2. **One Qwen-VL pass.** All three modules share a single VLM client
(vLLM if available, transformers fallback) so the cost is one model
load per dataset, not three.
## Module independence and staged reruns
Each module writes its raw output to
`<root>/.annotate_staging/episode_{N:06d}/<module>.jsonl`. That makes
prompt iteration cheap — re-running one module overwrites only its own
JSONL file before the writer composes the final parquet. Modules can be
disabled via `--plan.enabled=false` (and likewise `--interjections.enabled`
/ `--vqa.enabled`) to
test them in isolation.
## Validation/report checks before final write
Before the writer runs, `StagingValidator` checks:
- exact frame-timestamp alignment for every event row;
- no orphan speech / interjection pairs;
- `plan` is refreshed at every interjection timestamp;
- `memory` rows fall on subtask boundaries (warning, not error);
- VQA assistant `content` parses as JSON in one of the
bbox / keypoint / count / attribute / spatial shapes;
- every row routes to the column dictated by `column_for_style(style)`.
Errors abort the writer (`--skip_validation=true` overrides for debugging).
## Paper inspirations per module
- **`plan` module — subtasks.** Hi Robot ([Shi 2025](https://arxiv.org/abs/2502.19417))
atom granularity ("pick up one piece of lettuce", "place bowl to box");
Pi0.7 ([Physical Intelligence 2025](https://pi.website/pi07)) "how, not
what" detail.
- **`plan` module — memory.** MEM ([Torne 2026](https://arxiv.org/abs/2603.03596))
compression directive: keep only minimal relevant information; functional
outcomes preserved, specific attributes dropped.
- **`interjections` module.** Hi Robot scenario taxonomy: negative task,
situated correction, specific constraint, preference. Speech is a
tool-call-only atom (`tool_calls=[{type:function, function:{name:"say",
arguments:{text:...}}}]`).
- **`vqa` module.** ECoT ([Zawalski 2024](https://arxiv.org/abs/2407.08693))
grounded features (bounding boxes in pixel `[x_min, y_min, x_max, y_max]`,
keypoints) and Steerable VLA Policies ([Zhao 2025](https://arxiv.org/abs/2509.07626))
multi-abstraction grounding. Pi0.7 also grounds answers across
multiple abstraction levels.
Future maintainers should adjust the prompt templates in
`src/lerobot/annotations/steerable_pipeline/prompts/` against these
references rather than rewriting from scratch.

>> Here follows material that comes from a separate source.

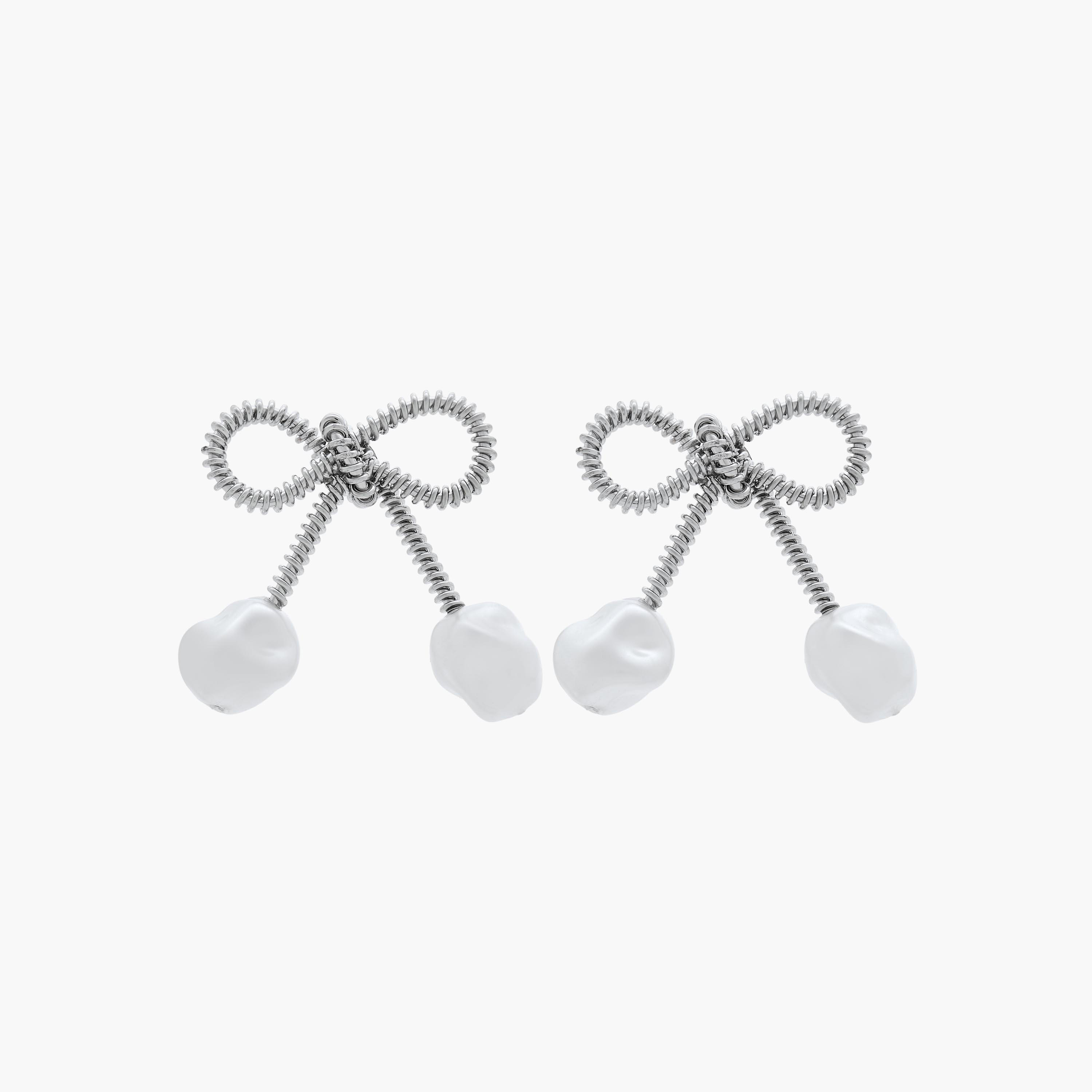 Metallic Bow Stud Earrings with Pushback Closure-women-watchesandjewellery-jewellery-earrings-image-1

## Compute and list-size estimates
Per episode, the pipeline issues O(`max_steps`) `plan`-module calls,
O(`max_interjections_per_episode`) `interjections`-module calls, and
O(`vqa_emission_hz × episode_seconds`) `vqa`-module calls. With defaults
(8 subtasks, 1 interjection, 1 Hz × 3 pairs) and 30-second episodes, that
is ~50 VLM calls per episode. `language_persistent` per episode is ~10s of
KB at most (parquet dictionary-encodes one entry per episode);
`language_events` is empty on most frames and is bounded by the number of
emissions, not `num_frames × num_emissions`.
## Reproducibility via seed and prompt hashes
`--seed` (default 1729) feeds the per-episode RNGs that select interjection
timestamps and VQA question types. Combined with the deterministic prompt
templates checked into `prompts/`, two runs at the same seed against the
same dataset and the same model checkpoint produce byte-identical staging
artifacts. Prompt edits are recorded by file hash; future tooling can pin
expected `(seed, prompt_hash)` pairs into the dataset card.